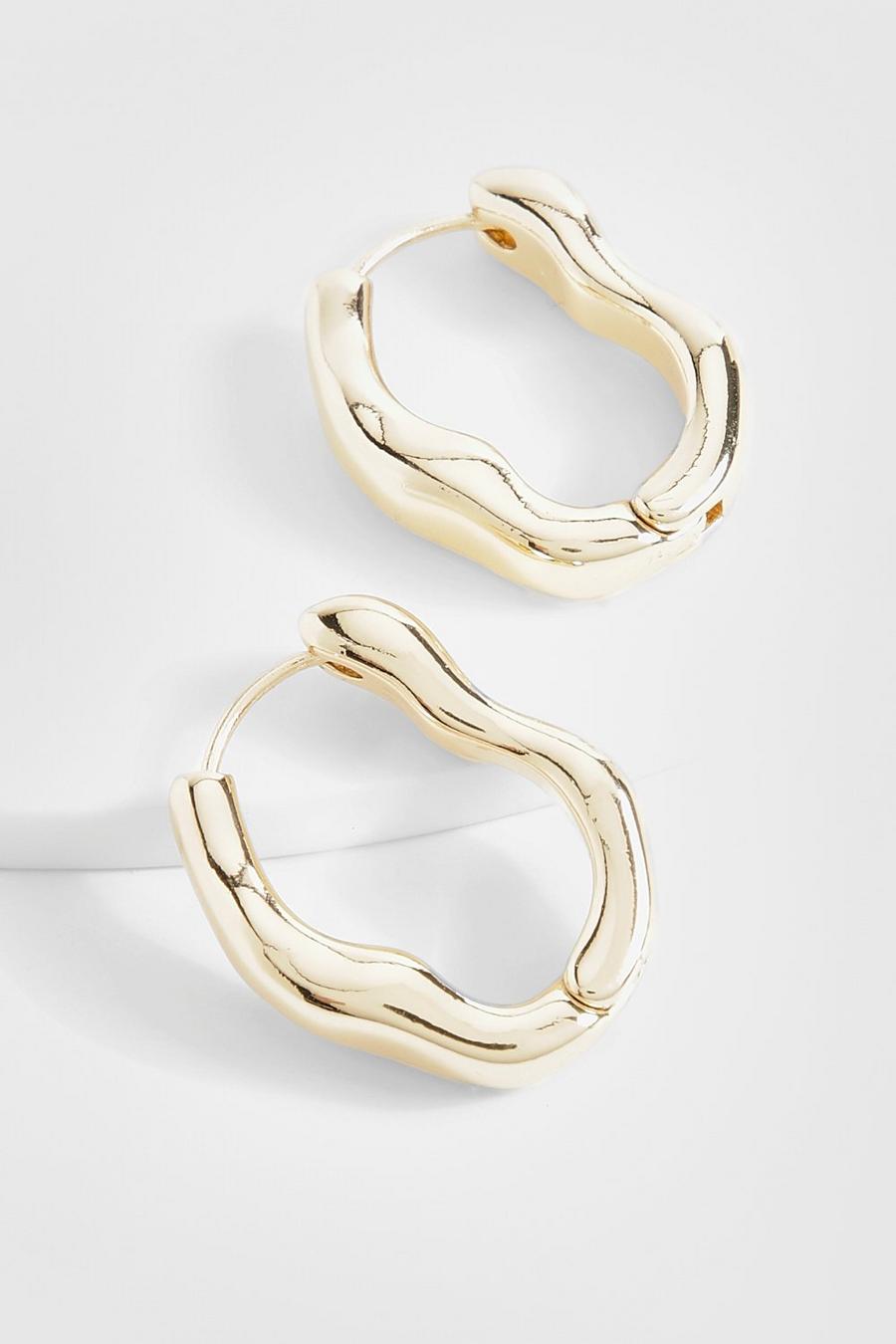 Gold Abstract Wavy Hoop Earrings  image number 1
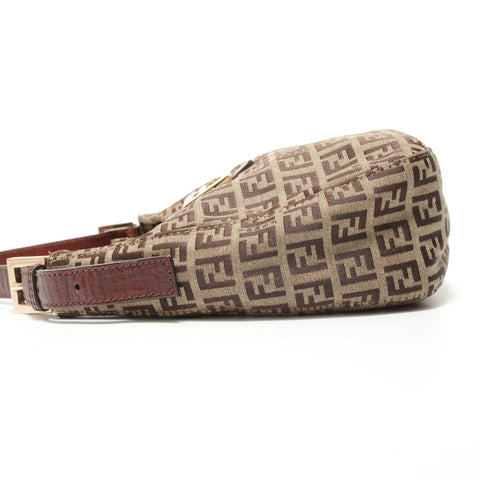 FENDI Mamma Zucchino Canvas Shoulder Bag Brown WS27643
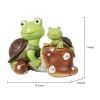 Garden Statue Cute Frog Face Turtles Figurines,Solar Powered Resin Animal Sculpture with 3 Led Lights for Patio,Lawn, Garden Decor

» **PROMPT**
Write out every line above exactly as it is, leaving out the pictures.

» **SOLUTION BELOW**
 Gold Abstract Wavy Hoop Earrings  image number 1
 FENDI Mamma Zucchino Canvas Shoulder Bag Brown WS27643
 Garden Statue Cute Frog Face Turtles Figurines,Solar Powered Resin Animal Sculpture with 3 Led Lights for Patio,Lawn, Garden Decor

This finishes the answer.